An exact repetition of the data below, without images, is the expected answer.

----- Data

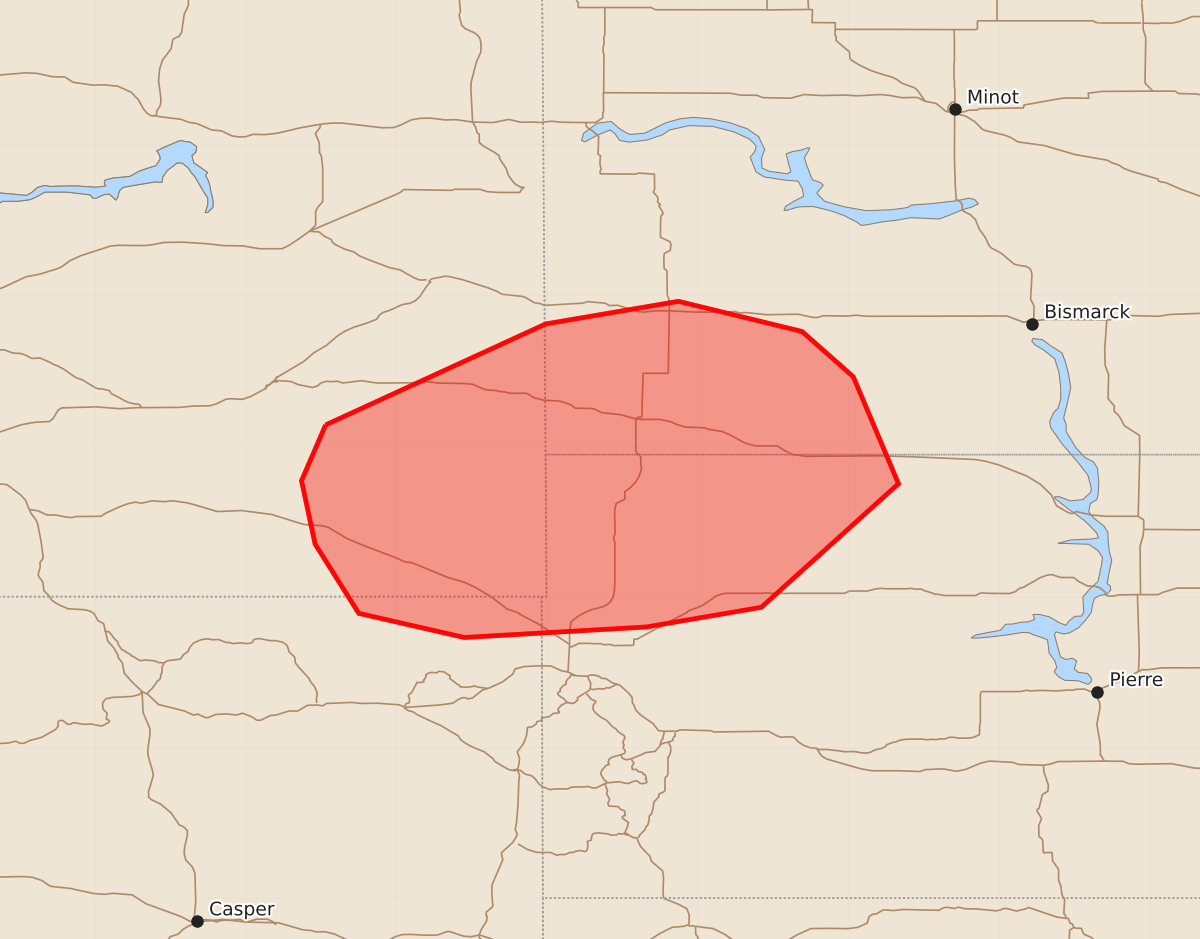 Risk area map for Mesoscale Discussion 1018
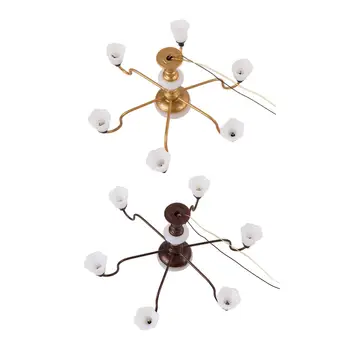 Модели на полилея в кукла къща в мащаб 1: 87, мини-висящи лампи за куклена къща, миниатюри 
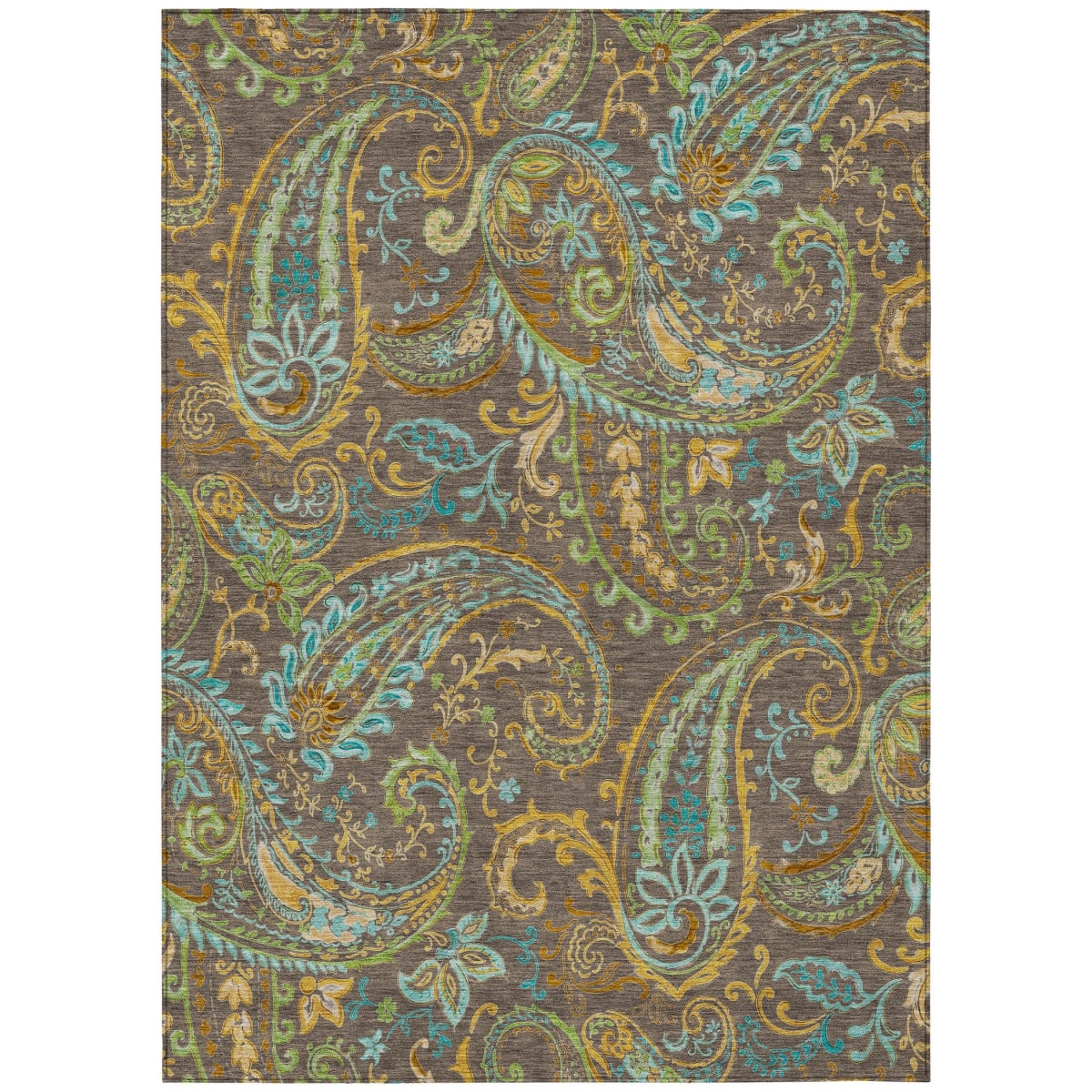 Chocolate Paisley Washable Area Rug - 3 x 5 ft - Non-Skid Design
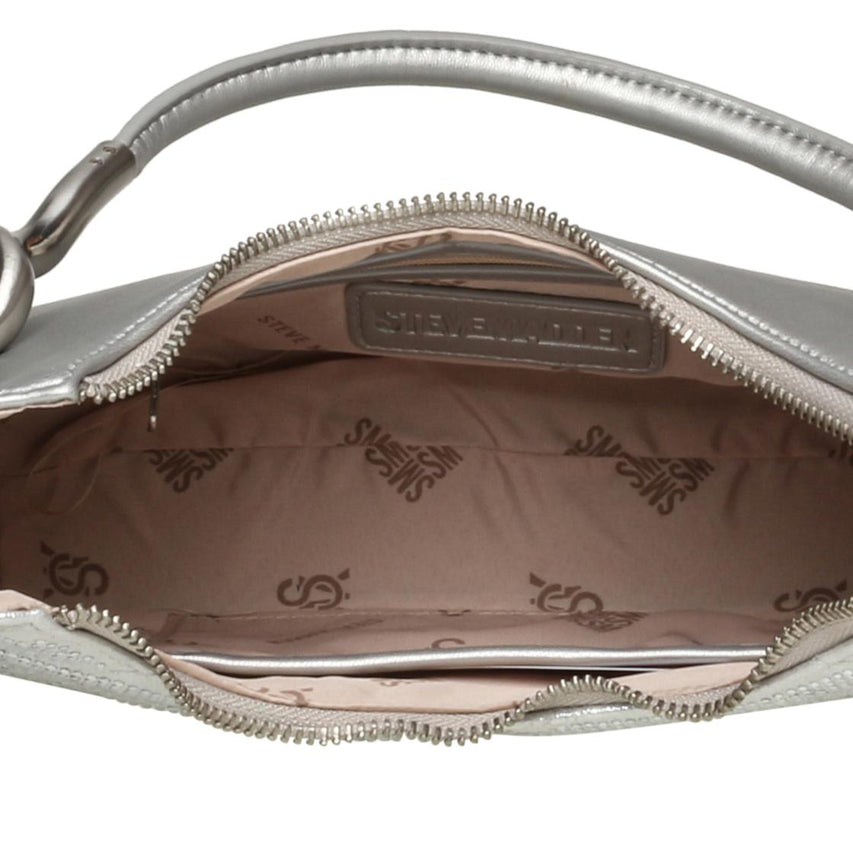 Bazura-S Silver Bolsa de Hombro Plateada Para Mujer con Cierre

----------

• _Response to this exercise_:
 Risk area map for Mesoscale Discussion 1018
 Модели на полилея в кукла къща в мащаб 1: 87, мини-висящи лампи за куклена къща, миниатюри 
 Chocolate Paisley Washable Area Rug - 3 x 5 ft - Non-Skid Design
 Bazura-S Silver Bolsa de Hombro Plateada Para Mujer con Cierre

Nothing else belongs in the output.